Health and readiness

Every framework.App exposes two probes wired during Start:

EndpointStatusPurpose
/healthzLiveness"Is the process up?" — always returns 200
/readyzReadiness"Should it receive traffic?" — 200 / 503

Both endpoints set Cache-Control: no-store. They sit ahead of the
default middleware chain, so a hung downstream check or a recovered
panic won't make the process look healthy to its orchestrator.

Liveness

2 lines
GET /healthz200 ok

Unconditional 200. The contract is: "the HTTP server is accepting
connections." Liveness probes that fail should restart the pod.

Readiness

11 lines
GET /readyz200 OKContent-Type: application/json{  "status": "ready",  "checks": [    { "name": "db", "status": "ok", "durationMs": 1 },    { "name": "queue", "status": "ok", "durationMs": 0 }  ]}

If any check returns a non-nil error, status flips to not_ready
and the response code becomes 503 Service Unavailable. Load
balancers should drain the instance — the process is still up but
its dependencies aren't.

All checks run in parallel under a 5-second overall deadline.
Per-check duration is reported in durationMs so a slow probe is
visible without a full timeout.

Registering checks

9 lines
app := framework.NewApp(framework.WithDB(db))app.RegisterReadiness("redis", func(ctx context.Context) error {    return redisClient.Ping(ctx).Err()})app.RegisterReadiness("upstream-api", func(ctx context.Context) error {    return apiClient.Health(ctx)})

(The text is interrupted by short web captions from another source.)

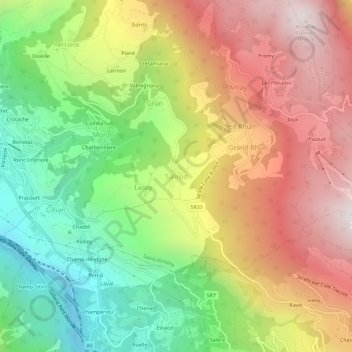 Topografische Karte Salirod, Höhe, Relief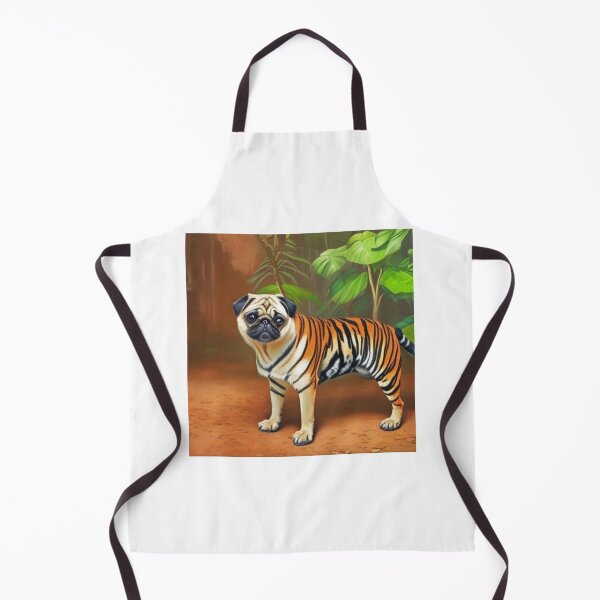 Item preview, Tiger Pug. Tropical Pug. Pug in the jungle. Rainforest Pug. Jungle Pug designed and sold by Doggymadness.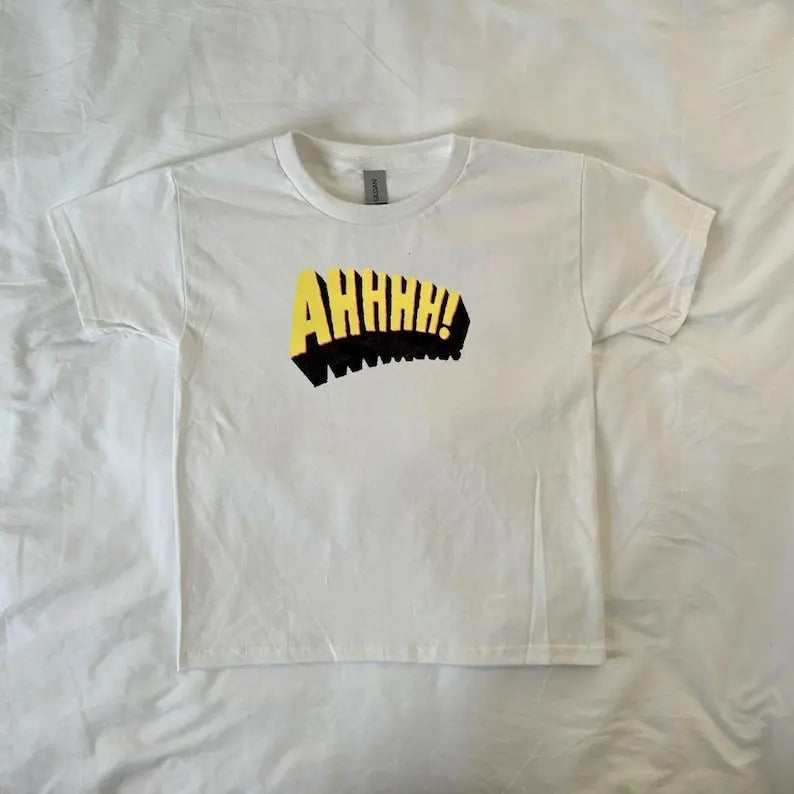 Vintage Ahhhh! Baby Tee, Cartoon Design, vintage, Comic, y2k clothing, Pinterest, retro, Onomatopoeiastyle{n002}2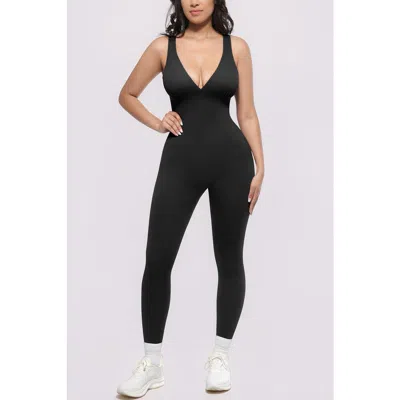 Shapellx Plunge Built-in Bra Shaping Jumpsuit In Black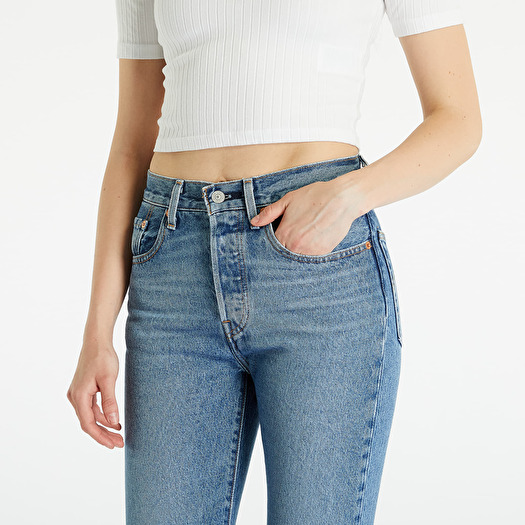 Women s trousers Levi s 501 Crop Jeans Medium Indigo Worn In Blue Footshop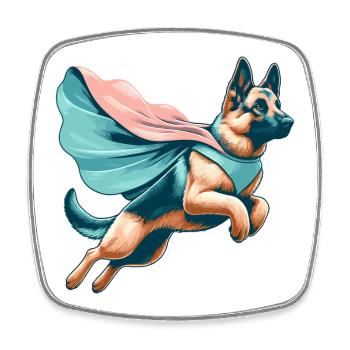 Heldentier Super Hund Schäferhund Cape Geschenk - Viereckiger Kühlschrankmagnet - Weiß - Vorne
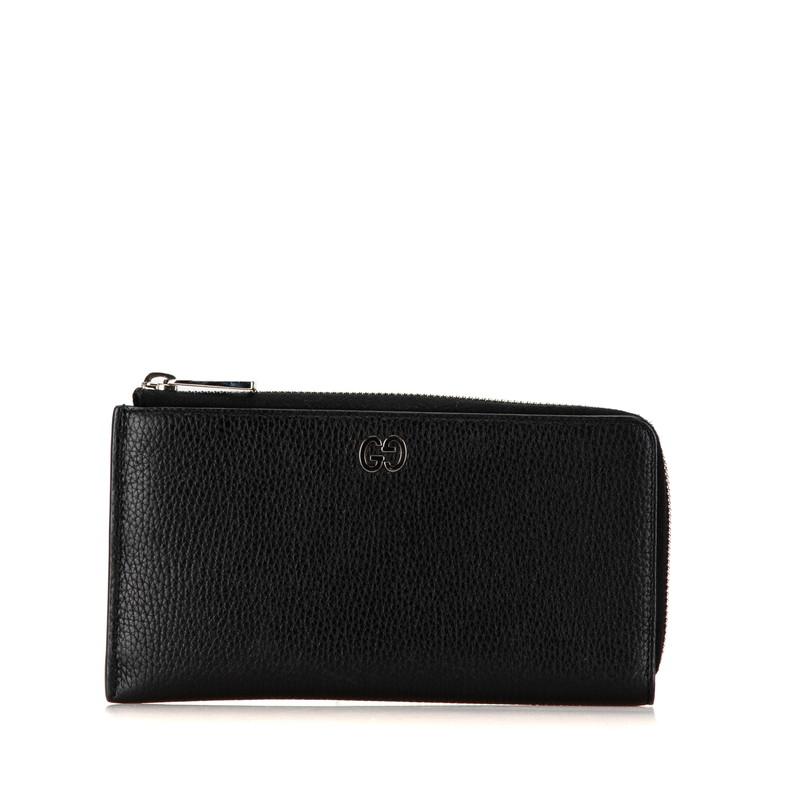 GUCCI グッチ L字ファスナー 長財布 574745 ブラック シルバー GUCCI グッチ L字ファスナー 長財布 574745 ブラック シルバー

When WithDB is set, the framework auto-registers a db check that
calls DB.PingContext(ctx). You don't need to add it yourself.

From a plugin or battery

Implement the optional framework.ReadinessRegistrar interface:

3 lines
func (b *myBattery) RegisterReadinessChecks(app *framework.App) {    app.RegisterReadiness("my-thing", b.checkReady)}

The framework's plugin/battery init loop invokes
RegisterReadinessChecks automatically. The method name is plural and
distinct from App.RegisterReadiness(name, fn) so an embedded *App
inside your battery type does not produce an ambiguous selector.

Verbose error reporting (opt-in)

By default, /readyz reports failures with "error": "check failed"
— it does not include the underlying error.Error() string. The
probe is typically reachable without authentication, and raw error
strings frequently leak internal IPs (dial tcp 10.0.3.17:5432: connect: connection refused), connection strings, or other
infrastructure detail useful only to an attacker doing recon.

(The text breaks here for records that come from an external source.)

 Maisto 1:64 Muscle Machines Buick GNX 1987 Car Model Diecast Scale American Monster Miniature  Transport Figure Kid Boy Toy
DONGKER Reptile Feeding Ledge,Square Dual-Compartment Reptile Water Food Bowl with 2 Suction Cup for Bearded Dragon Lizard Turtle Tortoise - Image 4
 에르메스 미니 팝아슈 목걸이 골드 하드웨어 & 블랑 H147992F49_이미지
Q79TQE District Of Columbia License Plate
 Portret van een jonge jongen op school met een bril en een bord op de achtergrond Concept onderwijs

To turn on verbose reporting (e.g. behind an internal listener or with
auth in front of /readyz), pass the option at app construction:

1 lines
app := framework.NewApp(framework.WithVerboseReadiness())

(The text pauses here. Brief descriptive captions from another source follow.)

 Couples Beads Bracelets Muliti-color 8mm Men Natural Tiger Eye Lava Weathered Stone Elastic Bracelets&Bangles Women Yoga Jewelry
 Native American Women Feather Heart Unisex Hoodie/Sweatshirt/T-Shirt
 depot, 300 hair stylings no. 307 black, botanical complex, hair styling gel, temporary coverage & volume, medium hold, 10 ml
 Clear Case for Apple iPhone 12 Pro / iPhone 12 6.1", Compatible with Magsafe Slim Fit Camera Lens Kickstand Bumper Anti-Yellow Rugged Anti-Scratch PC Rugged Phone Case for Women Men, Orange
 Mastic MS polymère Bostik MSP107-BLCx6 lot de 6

The status field still distinguishes "ok", "error", and
"timeout" regardless of verbose mode — only the human-readable
error value differs.

Timeouts and ctx-ignoring checks

/readyz applies an overall deadline (default 5 seconds; override
with WithReadinessTimeout). Each check runs in its own goroutine
under recover(), so a panicking check marks that row as
"error" without taking the process down. A check that ignores
ctx.Done() and runs past the deadline is reported as
"timeout" immediately — the response does not wait for the
straggler.

4 lines
app := framework.NewApp(    framework.WithReadinessTimeout(2*time.Second),    framework.WithVerboseReadiness(),)

Common mistakes

  • Don't put expensive work in /readyz. It's polled often. A
    check should return in well under a second.
  • Don't make /healthz conditional. Liveness should fail only
    when the process itself is wedged — file /readyz failures
    there and orchestrators will restart pods unnecessarily.
  • Don't gate /readyz behind auth. Probes from k8s, Fly, ELB
    are anonymous. If you've installed broad auth middleware, mount
    these endpoints before it.
  • Don't enable WithVerboseReadiness on a public listener. The
    default redacted form is the right choice when probes can be
    reached from outside the cluster.